Please describe your proposed solution.
We propose to conduct a large-scale study with the modeling of platform actors and their relationships.
We are going to describe the existing and possible roles on Cardano platform, visualise them, simulate them in AnyLogic (ABM), determine the moments when the best and worst decisions are made, how biases can be curtailed. Based on this, we will build a more balanced model of the Cardano ecosystem, which does not allow to ignore the subjects of voting.
There are many solutions, our task is simply to understand which of them are good, and which only seem to be so. DeReps can be trained, unscrupulous can be filtered out. It is possible to build a system where evaluators can gain credibility, from the ability to vote only for themselves, to the ability to send thousands of other people's votes, but only when they have already proven their integrity.
We oppose temporary and easily bypassed solutions.
Please describe how your proposed solution will address the Challenge that you have submitted it in.
As stated in the challenge, Cardano has a big problem with the correctness of the evaluation of proposals.
In systems that depend on complex community behavior, there are big problems, for example, with the assessment of the competence of auditors and fraud with votes.
For example, in academic science, the standard indicator of a scientist's competence is the number of citations.
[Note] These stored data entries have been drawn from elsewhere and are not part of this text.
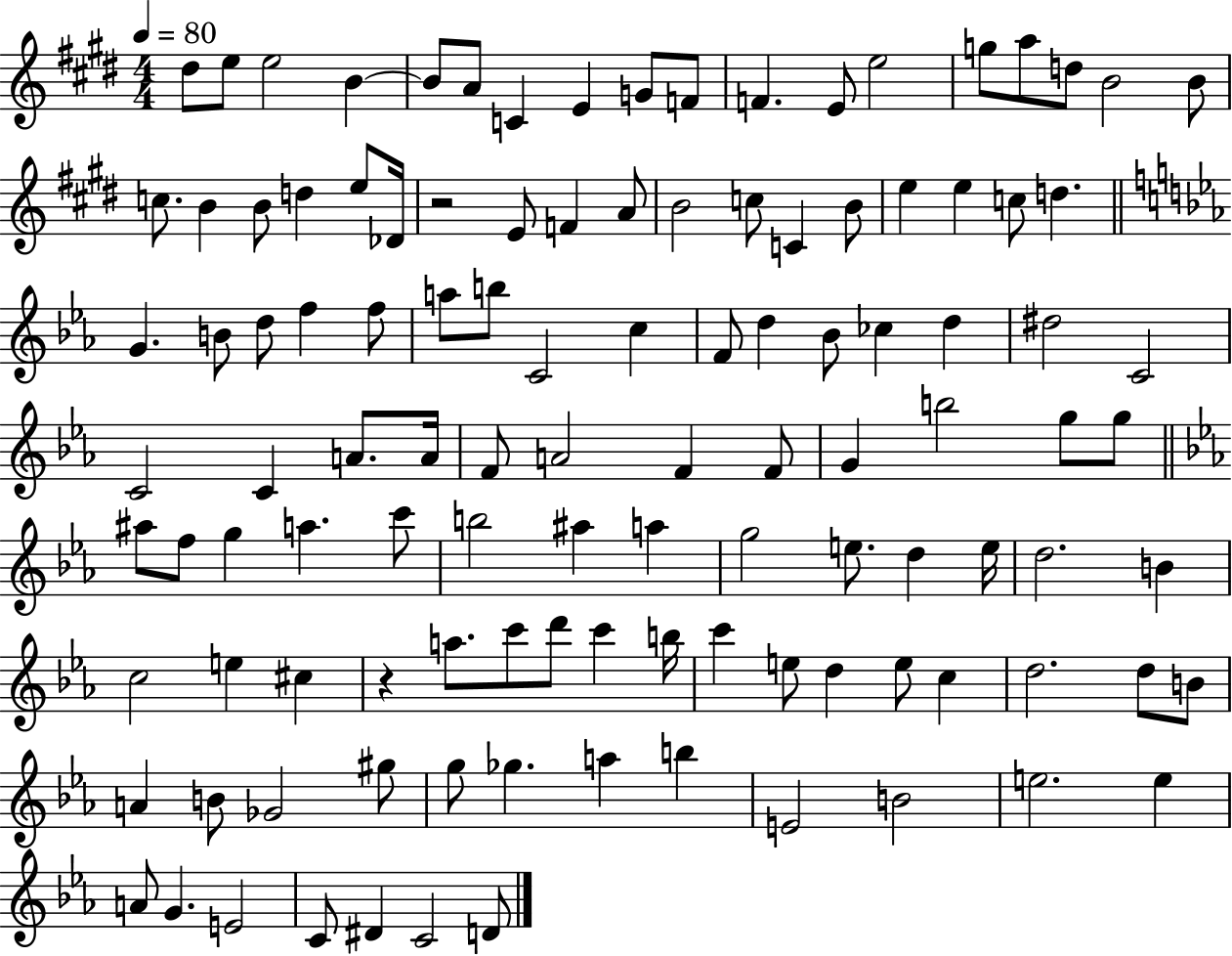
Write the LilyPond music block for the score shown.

{
  \clef treble
  \numericTimeSignature
  \time 4/4
  \key e \major
  \tempo 4 = 80
  \repeat volta 2 { dis''8 e''8 e''2 b'4~~ | b'8 a'8 c'4 e'4 g'8 f'8 | f'4. e'8 e''2 | g''8 a''8 d''8 b'2 b'8 | \break c''8. b'4 b'8 d''4 e''8 des'16 | r2 e'8 f'4 a'8 | b'2 c''8 c'4 b'8 | e''4 e''4 c''8 d''4. | \break \bar "||" \break \key c \minor g'4. b'8 d''8 f''4 f''8 | a''8 b''8 c'2 c''4 | f'8 d''4 bes'8 ces''4 d''4 | dis''2 c'2 | \break c'2 c'4 a'8. a'16 | f'8 a'2 f'4 f'8 | g'4 b''2 g''8 g''8 | \bar "||" \break \key c \minor ais''8 f''8 g''4 a''4. c'''8 | b''2 ais''4 a''4 | g''2 e''8. d''4 e''16 | d''2. b'4 | \break c''2 e''4 cis''4 | r4 a''8. c'''8 d'''8 c'''4 b''16 | c'''4 e''8 d''4 e''8 c''4 | d''2. d''8 b'8 | \break a'4 b'8 ges'2 gis''8 | g''8 ges''4. a''4 b''4 | e'2 b'2 | e''2. e''4 | \break a'8 g'4. e'2 | c'8 dis'4 c'2 d'8 | } \bar "|."
}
However, it is not uncommon for a scientist to self-reference to increase their citation rate, or when negative references by critics to a particular article still give the scientist a reputation boost.
To avoid this, we need a rigorous model that describes the roles offered by the system, exploring the possibilities for cheating with them. We need to consider alternative options, such as being able to swap auditors and proposers on a regular basis, giving them commensurate resources.
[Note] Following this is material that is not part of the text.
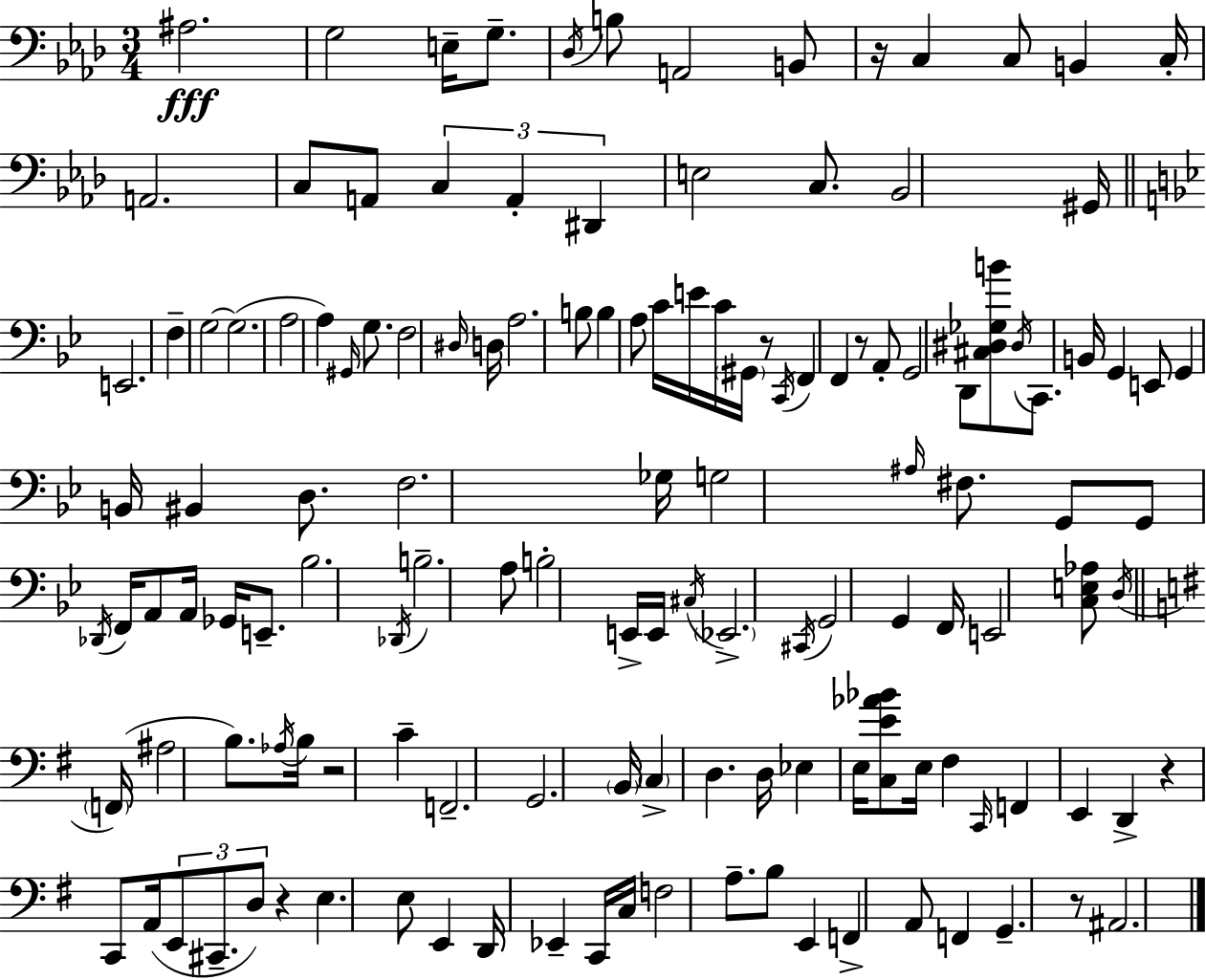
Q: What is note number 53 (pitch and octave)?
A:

What are the main risks that could prevent you from delivering the project successfully and please explain how you will mitigate each risk?
We are concerned about the complexity in managing both large-scale research and in managing the execution of their intended development path.
The obvious thing is that not every study of a problem gives a complete picture of the path to its solution. Perhaps, however, understanding the target system will allow the Cardano community to see better voting options.
At least some of our team are worried that such an unflattering review of the current voting system in Cardano will cause a backlash among those in charge. If that's the case, we'd love it if our critique encourages you to take a fresh look at the new voting features for this platform.